Introduced in 1997, the IEEE 802.11 WiFi standard has become the ubiquitous method for
network connectivity. The standard has continually evolved to deliver higher data rates,
longer range, reliability, and security. With the arrival of WiFi 7, otherwise known as 802.11be
or ‘Extra High Throughput’ (EHT), comes the promise of a huge increase in speed, super-low
latency, twice the channel bandwidth, and rock-solid reliability.

The journey to WiFi7


WiFi 7 builds upon the developments in WiFi 6/6E to deliver outstanding performance while
remaining backward compatible with earlier standards

Source: Intel: https://www.intel.com/content/www/us/en/products/docs/wireless/wi-fi-7.html

Frequency bands, Channels & Bandwidth


Like 6E, WiFi 7 will utilise 6GHz spectrum to offer channel bandwidth up to 320MHz,
effectively doubling transmission speed.

Source: Intel: https://www.intel.com/content/www/us/en/products/docs/wireless/wi-fi-7.html

Modulation


In common with other wireless protocols, WiFi uses Quadrature Amplitude Modulation (QAM) to
encode data on to the modulated RF. WiFi 7 uses 4K QAM enabling a 20% increase over WiFi 6/6E.
However, this comes at a cost of higher noise sensitivity.

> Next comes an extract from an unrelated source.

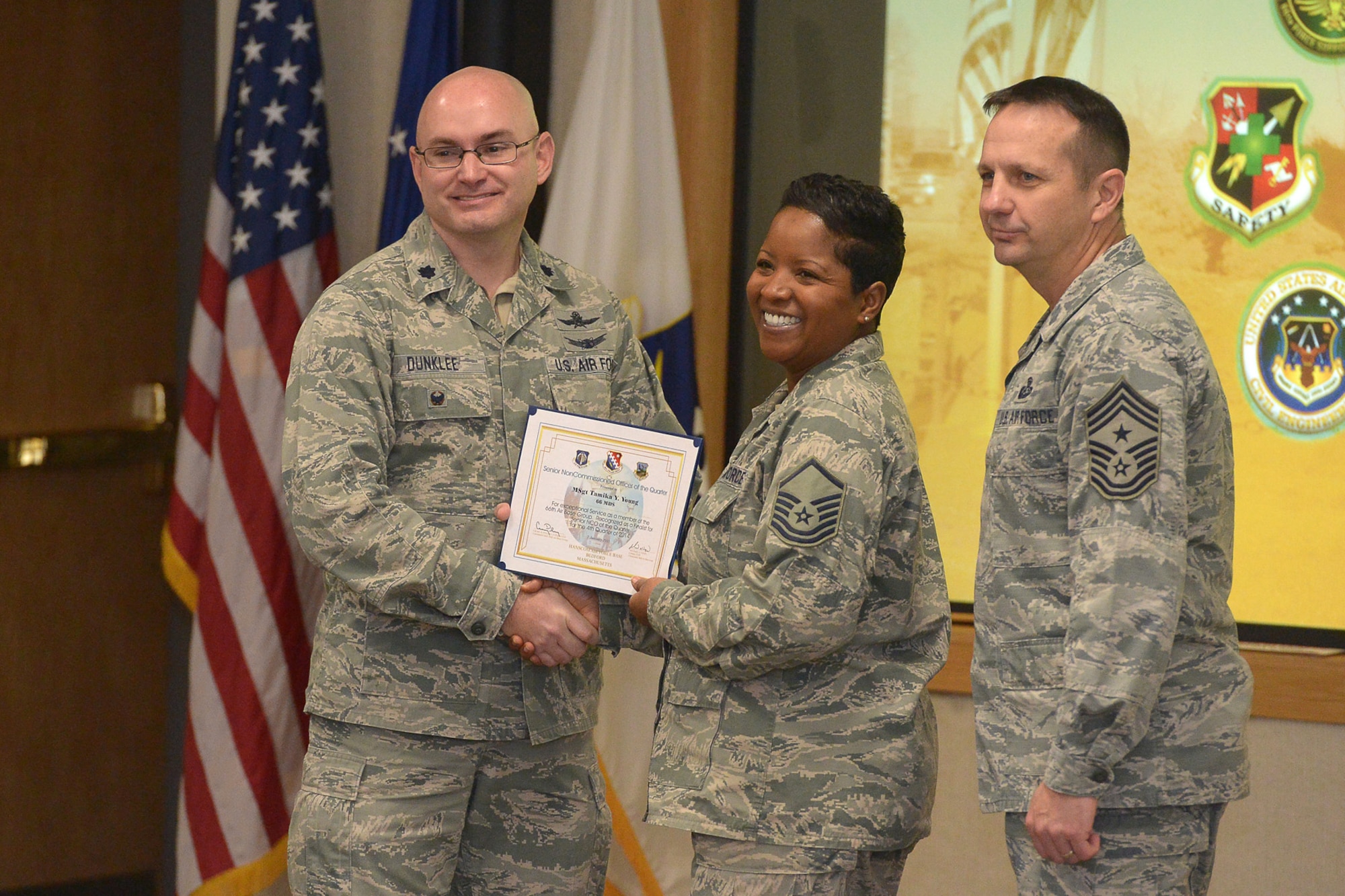 Lt. Col. David Dunklee, 66th Air Base Group deputy commander, and Hanscom Air Force Base Command Chief Master Sgt. Craig Poling, pose for a photo with Senior NCO Nominee Master Sgt. Tamika Young, 66th Medical Squadron Pharmacy Services NCO in charge, during the group’s fourth quarter awards ceremony at the Hanscom Conference Center, Jan. 7. The ceremony recognizes the performance of the military and civilian personnel who displayed exceptional service in the performance of their duties throughout the last quarter. (U.S. Air Force photo by Jerry Saslav)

Source: ONSemi: https://www.onsemi.com/company/news-media/blog/iot/wi-fi-7-morethan-just-extremely-high-throughput

Wi-Fi 7 supports 4096 QAM— each constellation point on the right represents 12-bit data
(symbol). In other words, each point modulated with QAM in Wi-Fi 7 can carry 2 more bits of
information than Wi-Fi 6. That is a 20% increase in speed.

Spectral efficiency: OFDMA and Multiple Resource Units (RU)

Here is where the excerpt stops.